UK Space Plane Technology Breakthrough Could See London-New York in 1 Hour

Before Concorde was discontinued, the ‘supersonic’ aircraft was able to complete the trans-Atlantic London to New York flight route in less than 3.5 hours. The trip currently takes around 7 hours on a standard jumbo jet. But a recent breakthrough in the latest technology in the world of jet engines made by British aerospace company Reaction Engines could mean future ‘space planes’ are able to make the same journey in just a single hour.

The Concorde, whose Mach 2 speed broke the sound barrier, was dropped because there simply wasn’t enough demand for tickets, which were £4350 one-way and over £8000 for a return. The fatal Concorde crash of Air France flight 4590, caused by the plane running over debris on the runway at take-off, was the final nail in the coffin for demand, despite the fact it was the only accident in the plane’s 27-year history.

However, the new technology being developed by Reaction Engines promises to be far more cost efficient. It combines the fuel efficiency of a jet engine with the power and speed of a rocket. The key innovation to the ‘Sabre’ engine Oxfordshire-based Reaction are working on is a technologically advanced cooling system.

Air is a necessary part of how a jet engine works. Sucked in at the front with a fan, a compressor then raises the pressure of the air which is then compressed by spinning blades. The compressed air sprayed with fuel and ignited by an electric spark with the burning gases blasted out of the nozzle via the turbine.

But when the plane hits higher speeds, the air coming into the jet engine heats up too much, causing the engine to melt. That is the most significant bottleneck to fuel efficient jet engine technology being able to achieve higher speeds safely. Reaction Engine’s system uses a ‘pre-cooler’ that has now been demonstrated to work effectively during tests in Colorado.

The pre-cooler system is tens of thousands of tubes, each finer then a human hair. Filled with liquid helium, they spread over the surface area hot air passes over as it is sucked into the engine. The system is able to cool the air from an engine-melting 1000 0C to room temperature in just one twentieth of a second.

Rocket engines get around the problem by igniting rocket fuel with oxidant. However, this system requires pricier rocket fuel, in greater quantities. The expense further compounded by the fuel oxidant, which itself adds significantly to the weight of the rocket and the amount of fuel it needs to burn to lift off and get into orbit. The Sabre engine is, then, like an ‘air breathing rocket engine’.

It is hoped the technology will in future be applied both to ‘space planes’ able to travel at 3 times the speed of sound as well as actual rockets, hugely reducing the cost of lifting loads into space. A third potential application of the pre-cooler technology is to cool the batteries of future hybrid electric planes it is expected will become the future standard for short-haul flight.

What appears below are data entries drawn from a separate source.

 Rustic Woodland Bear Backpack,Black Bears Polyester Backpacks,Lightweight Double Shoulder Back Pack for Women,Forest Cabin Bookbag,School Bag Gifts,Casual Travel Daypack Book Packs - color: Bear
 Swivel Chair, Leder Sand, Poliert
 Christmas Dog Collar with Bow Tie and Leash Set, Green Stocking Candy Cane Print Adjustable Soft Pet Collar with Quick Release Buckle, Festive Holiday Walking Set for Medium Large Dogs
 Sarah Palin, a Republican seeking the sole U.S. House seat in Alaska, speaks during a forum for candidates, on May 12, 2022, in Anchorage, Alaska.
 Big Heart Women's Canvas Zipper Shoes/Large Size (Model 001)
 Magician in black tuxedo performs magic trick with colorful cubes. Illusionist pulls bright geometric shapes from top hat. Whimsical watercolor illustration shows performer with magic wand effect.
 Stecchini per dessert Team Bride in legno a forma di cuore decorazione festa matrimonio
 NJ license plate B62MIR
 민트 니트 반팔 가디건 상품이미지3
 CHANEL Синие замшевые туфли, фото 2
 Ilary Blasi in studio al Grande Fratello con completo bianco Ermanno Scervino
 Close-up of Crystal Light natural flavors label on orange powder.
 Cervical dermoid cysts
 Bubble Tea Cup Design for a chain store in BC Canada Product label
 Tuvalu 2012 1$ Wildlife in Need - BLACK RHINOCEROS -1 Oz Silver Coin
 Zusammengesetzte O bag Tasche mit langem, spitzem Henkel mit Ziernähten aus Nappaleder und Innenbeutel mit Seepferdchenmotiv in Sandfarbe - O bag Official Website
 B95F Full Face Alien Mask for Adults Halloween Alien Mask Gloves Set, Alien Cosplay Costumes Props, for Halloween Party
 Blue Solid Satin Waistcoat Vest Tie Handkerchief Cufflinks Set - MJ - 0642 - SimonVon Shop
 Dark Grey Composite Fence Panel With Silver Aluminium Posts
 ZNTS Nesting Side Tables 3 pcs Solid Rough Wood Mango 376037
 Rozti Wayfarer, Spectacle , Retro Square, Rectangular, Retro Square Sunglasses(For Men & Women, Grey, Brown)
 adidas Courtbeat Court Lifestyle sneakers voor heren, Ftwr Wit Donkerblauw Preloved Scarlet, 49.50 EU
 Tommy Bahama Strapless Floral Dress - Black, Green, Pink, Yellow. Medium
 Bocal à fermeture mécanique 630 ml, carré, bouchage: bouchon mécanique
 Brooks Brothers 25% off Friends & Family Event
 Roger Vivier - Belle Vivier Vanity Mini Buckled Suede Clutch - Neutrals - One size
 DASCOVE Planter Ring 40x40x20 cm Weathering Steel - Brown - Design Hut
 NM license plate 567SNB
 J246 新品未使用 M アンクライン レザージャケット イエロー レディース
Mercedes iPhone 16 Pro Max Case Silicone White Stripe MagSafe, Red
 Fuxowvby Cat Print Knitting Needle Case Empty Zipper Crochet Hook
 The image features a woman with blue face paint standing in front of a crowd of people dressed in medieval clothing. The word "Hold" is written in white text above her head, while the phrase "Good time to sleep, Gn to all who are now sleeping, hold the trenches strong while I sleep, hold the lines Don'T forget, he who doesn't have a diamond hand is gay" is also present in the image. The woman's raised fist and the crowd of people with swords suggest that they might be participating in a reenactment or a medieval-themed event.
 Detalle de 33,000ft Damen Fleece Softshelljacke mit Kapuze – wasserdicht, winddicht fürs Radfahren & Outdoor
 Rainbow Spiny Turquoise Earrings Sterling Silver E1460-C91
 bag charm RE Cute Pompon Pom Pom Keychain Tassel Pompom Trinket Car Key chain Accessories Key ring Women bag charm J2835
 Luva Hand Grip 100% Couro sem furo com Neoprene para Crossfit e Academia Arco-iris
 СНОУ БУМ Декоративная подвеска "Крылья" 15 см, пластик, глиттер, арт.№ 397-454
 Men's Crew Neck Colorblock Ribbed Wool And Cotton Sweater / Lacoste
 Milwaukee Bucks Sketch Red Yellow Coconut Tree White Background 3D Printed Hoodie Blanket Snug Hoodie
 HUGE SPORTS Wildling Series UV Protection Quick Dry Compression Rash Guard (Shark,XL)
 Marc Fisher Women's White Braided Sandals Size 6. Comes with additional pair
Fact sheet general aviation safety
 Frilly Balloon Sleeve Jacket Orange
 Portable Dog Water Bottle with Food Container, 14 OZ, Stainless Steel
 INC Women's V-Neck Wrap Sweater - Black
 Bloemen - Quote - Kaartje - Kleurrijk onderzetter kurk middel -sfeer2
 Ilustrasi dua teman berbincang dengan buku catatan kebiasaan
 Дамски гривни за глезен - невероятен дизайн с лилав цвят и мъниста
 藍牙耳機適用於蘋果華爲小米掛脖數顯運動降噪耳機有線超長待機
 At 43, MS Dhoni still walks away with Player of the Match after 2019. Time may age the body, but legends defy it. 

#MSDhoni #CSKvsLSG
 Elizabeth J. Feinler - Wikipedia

Reaction Engines’ chief executive Mark Thomas commented on the promising test results:

“If you can pull it off, it’s a game changer. It kicks conventional rocket engines into touch.”

Observers have likened the future perfection of Reaction’s Sabre engine technology as a potential ‘new Whittle moment’. Sir Frank Whittle invented the turbojet in the 1930s, a development which launched modern aviation.

Reaction Engines’ was formed in the 1980s by Alan Bond, a lead engineer on the HOTOL spaceplane project – a joint venture of BA and Rolls-Royce that shut down when the UK government cut its funding. Bond subsequently founded React Engines, which now counts BAE Systems, Boeing HorizonX and Rolls-Royce among its investors.